L'unno e l'italica valchiria

 

Una nuova rappresentazione di un’opera giovanile di Verdi come Attila invita a una riflessione: perché, tra i grandi operisti italiani (Rossini, Bellini, Donizetti, Puccini), Verdi sembra prevalere nell’ammirazione collettiva? Perché il nostro musicista parmense - barbuto come un profeta - gode più degli altri di quest’aura biblica di padre della patria?

Il discorso sarebbe lungo, ma forse una risposta breve c’è: nell’Italia divisa dell’età risorgimentale, la sua musica a volte rozza, ma certo battagliera, i suoi personaggi tutti d’un pezzo e incapaci di doppiezze incarnavano l’esatto contrario del prudente timore nel quale molti italiani vivevano. Una ventata di eroismo plebeo rinfrancava ed eccitava ascoltatori “moderati” che si vergognavano un po’ di lasciare ad altri il compito di unire l’Italia.

Il dramma lirico Attila venne composto per il Teatro La Fenice di Venezia dove fu rappresentato nel carnevale del 1846. Si trattava di una storia “locale”: nel quinto secolo dopo Cristo avvenne infatti la distruzione di Aquileja ad opera delle orde barbariche guidate dal celebre re degli Unni.

Attila - gloria nazionale dell’Ungheria - non ha mai goduto di buona stampa in Italia. Però Verdi optò per una via di mezzo: fece trarre il libretto da una tragedia tedesca, Attila, König der Hunnen di Zacharias Werner, nel quale il condottiero ha una sua lealtà e non viene presentato solo come uno stragista sanguinario e brutale.

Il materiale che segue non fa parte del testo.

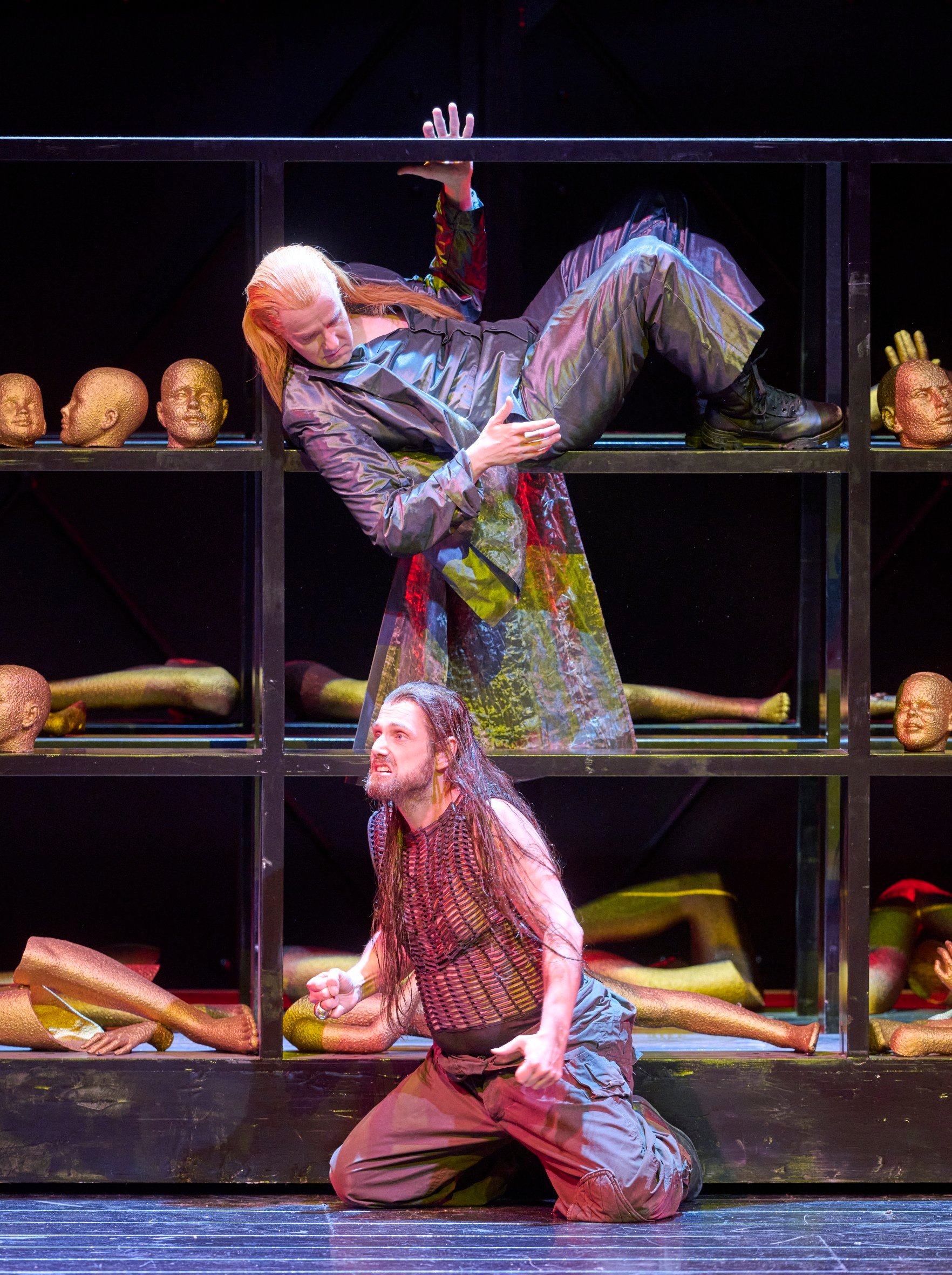 Eine Person in schillerndem Mantel liegt dramatisch in einem Regal voller Köpfe und Gliedmaßen, während eine weitere Figur unten kniet.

Per esempio è turbato da sogni che si avverano.

C’è un passo nel prologo in cui due versi hanno diviso i commentatori: “avrai tu l’universo, / Resti l’Italia a me”,  intonati dal generale romano Ezio.  Al di là  dell’entusiasmo che suscitavano allora al primo ascolto, si trattava di un mercanteggiamento ben poco eroico. ..  Ma il “flagello di Dio” trova pane per i suoi denti nella guerriera italica Odabella, ben più furibonda del di lei fidanzato Foresto, anch’egli alla ricerca del riscatto per la distruzione della loro Aquileja.

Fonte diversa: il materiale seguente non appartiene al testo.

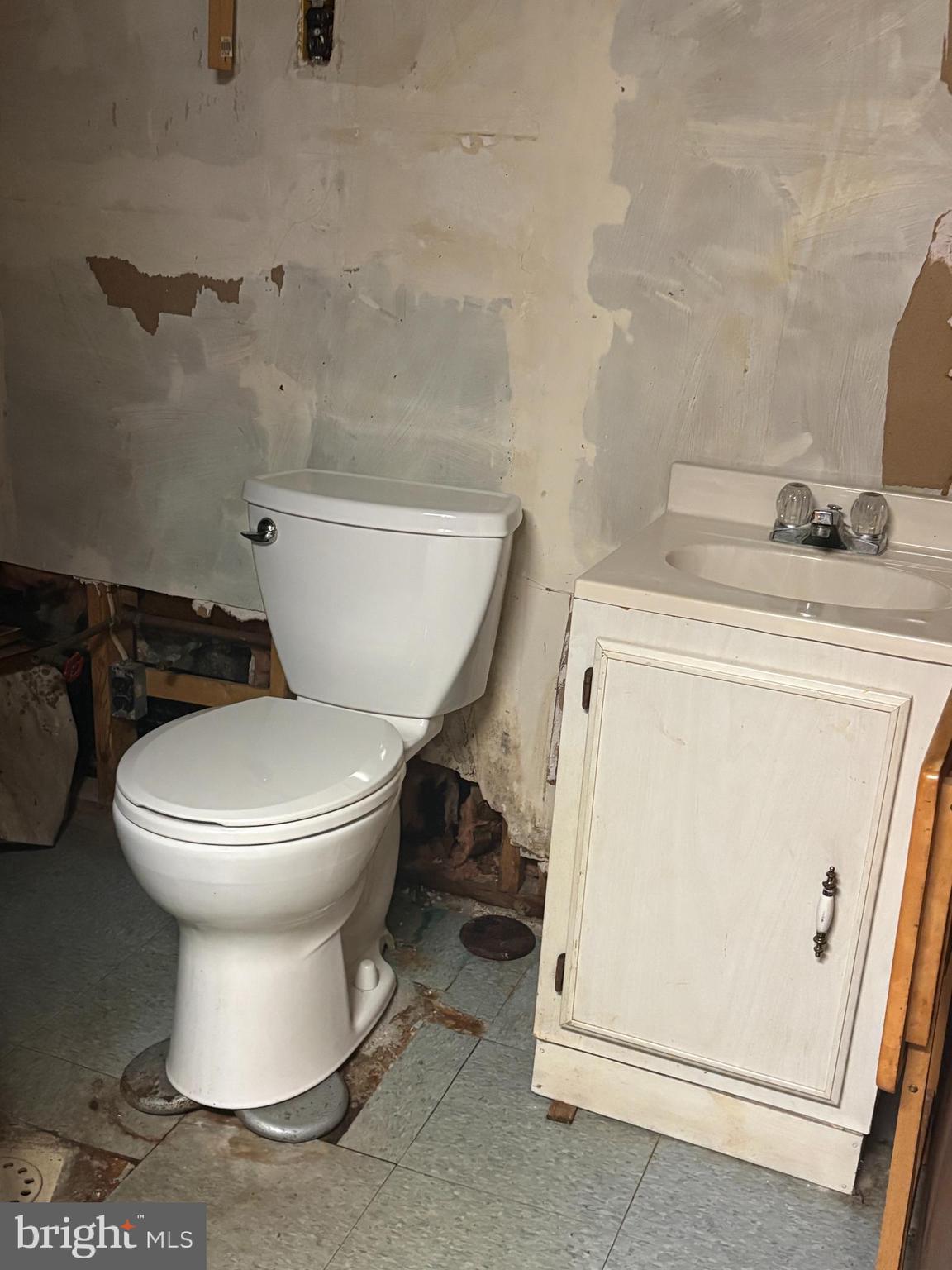 705 Winans Way Baltimore, MD 21229 - Photo 33 of 43 Bsmt half bath—ready for your vision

L’aggressività patriottica della fiammeggiante vergine la porta persino a interrompere l’avvelenamento del condottiero pur di poter far giustizia lei in persona. Accetta addirittura di sposarlo, e quando Foresto sta per trafiggere Attila è lei a precederlo d’un soffio con la sua spada vendicatrice. Una storia ingenua, ma con grandi colpi di scena e tanto amor di patria.

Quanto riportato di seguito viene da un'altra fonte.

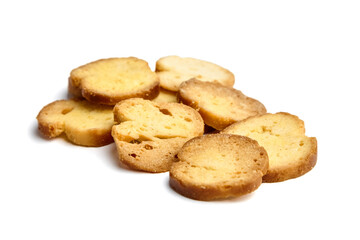 Assorted golden-brown cookies stacked on a white background, showcasing their crunchy texture and inviting appearance, perfect for dessert or snack ideas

Il libretto venne commissionato a Temistocle Solera, l’autore del libretto di Nabucco. Però Verdi a un certo punto lo sfiduciò, affidando il completamento a un altro patriota, Francesco Maria Piave, non perché fosse veneziano (e per la precisione dell’isola di Murano), e quindi anti-Attila, ma perché era di natura più accomodante e pronto a soddisfare le richieste dell’esigente musicista.

Attila è dunque opera risorgimentale e, come opera politica, segna il trionfo delle teste calde, spesso criticabili, ma, nel nostro profondo, altrettanto spesso ammirevoli.

Lo spettacolo del regista Gabriele Lavia, nella sua ambientazione in un mondo distrutto - un teatro romano, un teatro d’opera, un cinema – coglie inizialmente nell’opera il buio della barbarie, ma per poter far meglio esplodere la luce della libertà.